In the middle of the second period, the Wild spent two minutes circling the Stars' end. Dallas defenders chased and chased as the Wild desperately tried to tie the score at 1.

Finally, with the restless crowd whistling, Dallas poked the puck out of the zone without the Wild even mustering a shot in the exhaustive shift.

The Stars? They were able to break the game open with three goals in a span of 1:31 late in the same period -- the quickest three goals the Wild ever has given up on the road.

That was more than enough to put a fork in the Wild and extend its winless streak in Dallas to 0-10-4 since March 21, 2003.

"You can't score goals, you can't win hockey games," veteran center John Madden said.

It's hard to imagine the first two games of this four-game trip going any worse for the Wild.

In back-to-back nights in Nashville and Dallas (two teams with which Minnesota is jostling in the standings), the Wild suffered back-to-back shutout losses for the fourth time in team history and first since 2003.

The Wild was outscored by a combined 8-0. It recorded 33 shots -- 14 on Friday. Mikko Koivu and Cal Clutterbuck still haven't come back from injury. And Guillaume Latendresse, three games into his comeback, might be toast. He left Friday's game in the second period because of "something" Richards related to the plethora of "lower body" problems that forced him to miss more than half the season.

Considering the Wild squandered these two games, sits four points back of a playoff spot and now visits NHL-leading Vancouver and Pacific Division-leading San Jose, the first two nails in the Wild's playoff coffin might very well have been hammered.

"No real sugarcoating," center Matt Cullen said. "It's really tough.
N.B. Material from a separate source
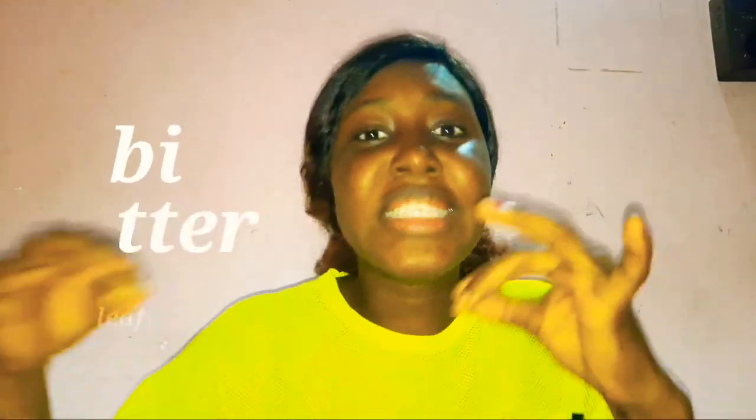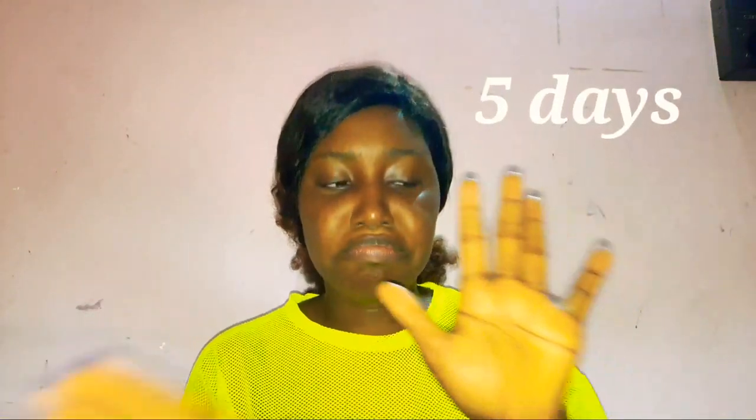Today I have for you a way to get rid of those excessive dark spots and acne on your faces and your bodies. Girls, guys, you need to watch this to the end to know how to do this with something very funny that no one could ever think could make it work — bitter leaves. Yeah, I said it. Bitter leaves to get those dark spots out in five days tops. Five days. So let's get right to the video.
It's going to be a good test for our team. We have to respond. Otherwise, it's over, it's lights out. We can't sit here and complain and whine. We've done it to ourselves."

The Wild, offensively-challenged all season, has been outshot in 61 of 69 games. And despite loads of offensive-zone time in the first two periods Friday, the Wild was kept to the outside and either couldn't hit the net, rang posts, shot pucks in Dallas legs or simply swung and missed.

"There are times where you do shake your head," Richards said.

But other teams don't need to work nearly as hard to score, especially when the Wild helping.

Things unraveled quickly after Trevor Daley's pass was perfectly redirected by Wild center Kyle Brodziak past Jose Theodore for a 2-0 Stars lead.

The Wild had worked so hard to tie it and couldn't. So the sag on the Wild bench was visible, and in a snap, Dallas scored twice in 18 seconds. First, Tom Wandell shot a puck from the half wall that somehow got underneath Theodore.

"I can't give these obviously," Theodore said.

The ensuing shift, Cullen threw a puck in front to Mike Ribeiro all alone. Yup, 4-0.

"You can't let it happen in a big game like this," Cullen said.

The meltdown happened so instantly.

"When you have goal-scorers, they don't need many chances," Madden said. "They score goals on one or two chances a night."

The Wild is an absolute shell of what it was three weeks ago. The end could be near unless the Wild somehow rediscovers its game immediately.

"The only way we can get out of this is through hard work, and it's going to be with each other," Richards said. "There's no cavalry coming over the hill."